Pictures aside, print all of the data below exactly as written.

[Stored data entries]
Content starts

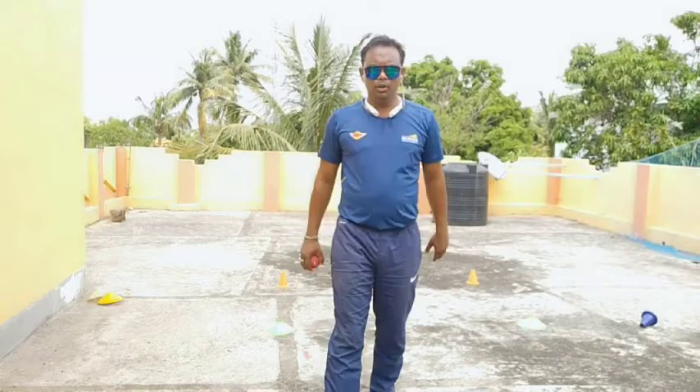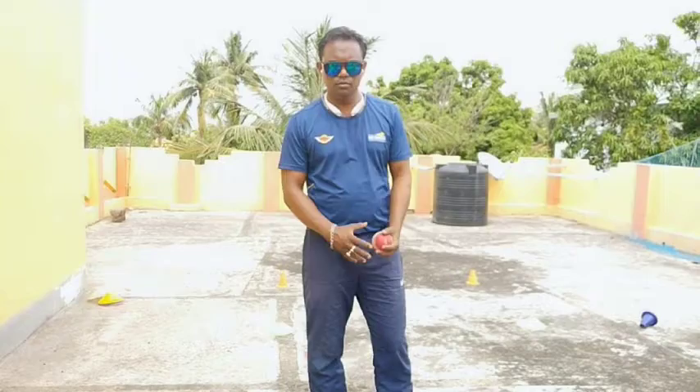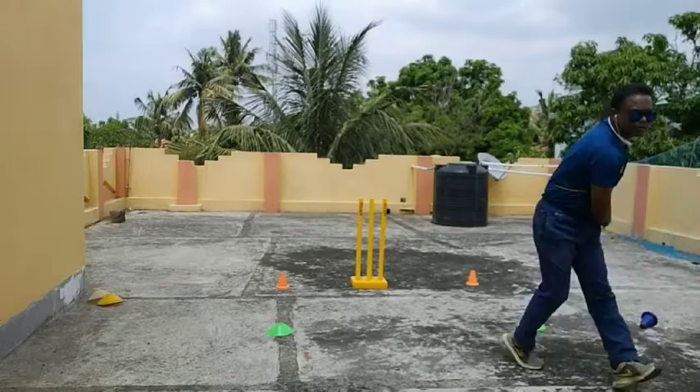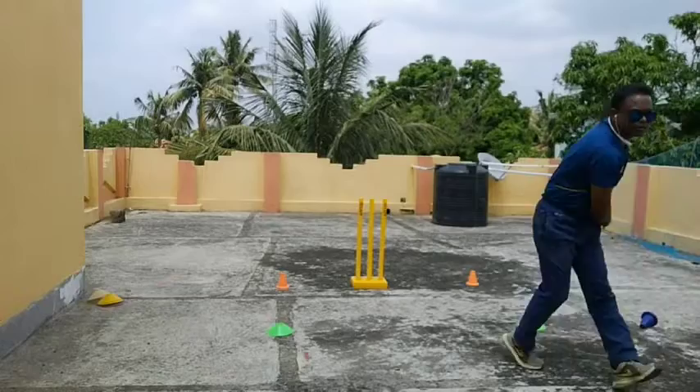Hello friends, this is Abuji Thunder and today I am going to talk about walk and bowl and run and bowl. Let's see how to do the walk and bowl.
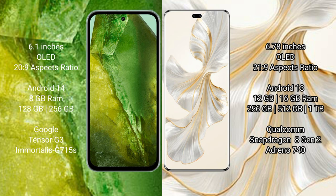Honor 100 Pro comes with 12GB or 16GB RAM, 256GB internal storage, Qualcomm Snapdragon 8 Gen 2 processor, and Adreno 740 GPU.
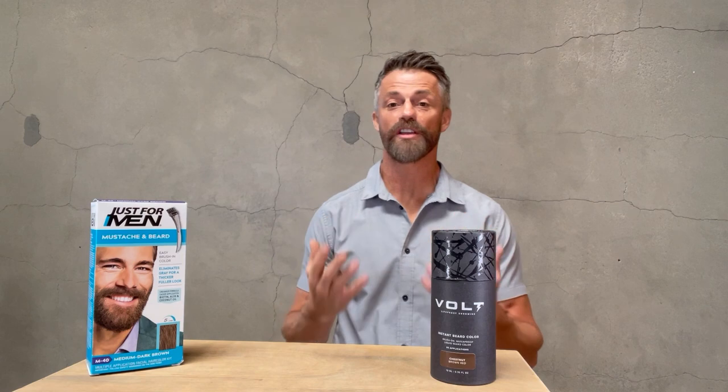We get a lot of inquiries about how to increase the longevity of your beard color. So in this tutorial, whether you're using beard dye or beard color, I'm going to show you some tricks that I've learned on how to make it last longer.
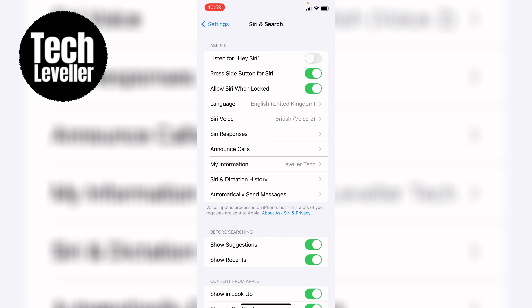So there you have it — two lightning fast ways to set a timer on your iPhone. No need to open up the clock app anymore. Whether you're a control centre enthusiast or a fan of voice commands, setting timers has never been more convenient. If you found these tips helpful, give it a thumbs up and subscribe to our channel for more exciting iOS tips and tricks.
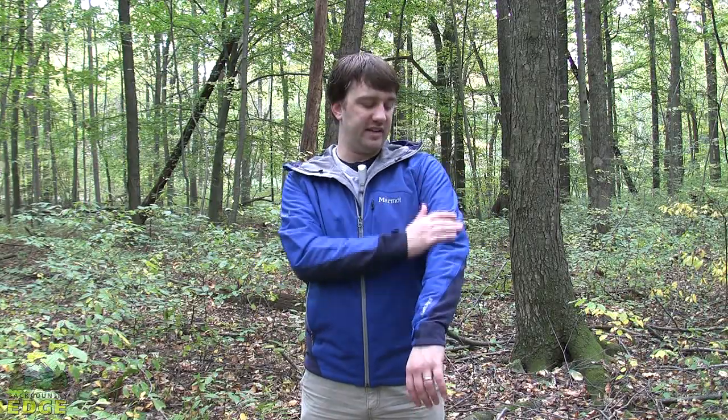You've got three pockets on this jacket — one here on the chest, a great place to tuck a phone, and then two pretty large pockets down here at a normal level. These are mesh lined, so they're not particularly warm or anything, but they do cut wind because the center portion of this jacket, this light blue that you see, is all Gore Windstopper.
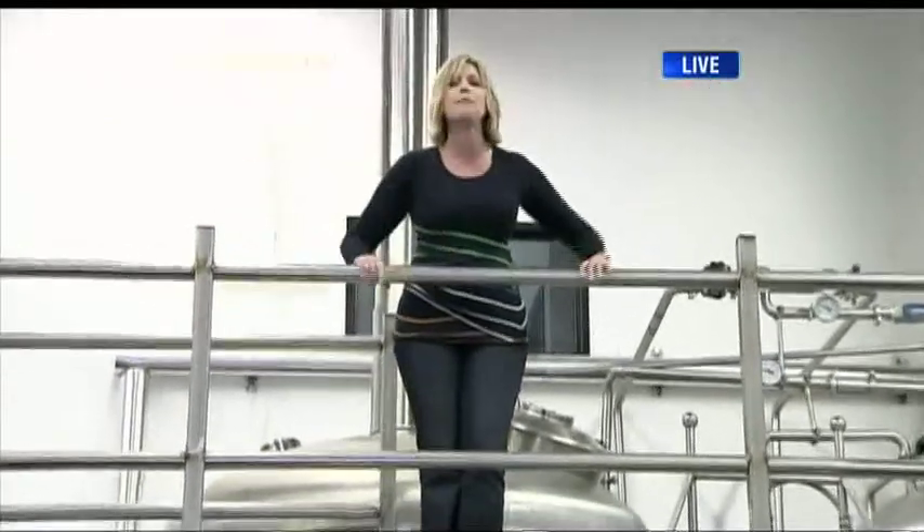Hey, thanks very much guys. We thought we'd go through the process. Step one here at Parallel 49 Brewing Company, we're doing the mashing. That's all coming up next on BT. Stay with us.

Content ends

# Written answer:
Hello friends, this is Abuji Thunder and today I am going to talk about walk and bowl and run and bowl. Let's see how to do the walk and bowl.
Honor 100 Pro comes with 12GB or 16GB RAM, 256GB internal storage, Qualcomm Snapdragon 8 Gen 2 processor, and Adreno 740 GPU.
We get a lot of inquiries about how to increase the longevity of your beard color. So in this tutorial, whether you're using beard dye or beard color, I'm going to show you some tricks that I've learned on how to make it last longer.
So there you have it — two lightning fast ways to set a timer on your iPhone. No need to open up the clock app anymore. Whether you're a control centre enthusiast or a fan of voice commands, setting timers has never been more convenient. If you found these tips helpful, give it a thumbs up and subscribe to our channel for more exciting iOS tips and tricks.
You've got three pockets on this jacket — one here on the chest, a great place to tuck a phone, and then two pretty large pockets down here at a normal level. These are mesh lined, so they're not particularly warm or anything, but they do cut wind because the center portion of this jacket, this light blue that you see, is all Gore Windstopper.
Hey, thanks very much guys. We thought we'd go through the process. Step one here at Parallel 49 Brewing Company, we're doing the mashing. That's all coming up next on BT. Stay with us.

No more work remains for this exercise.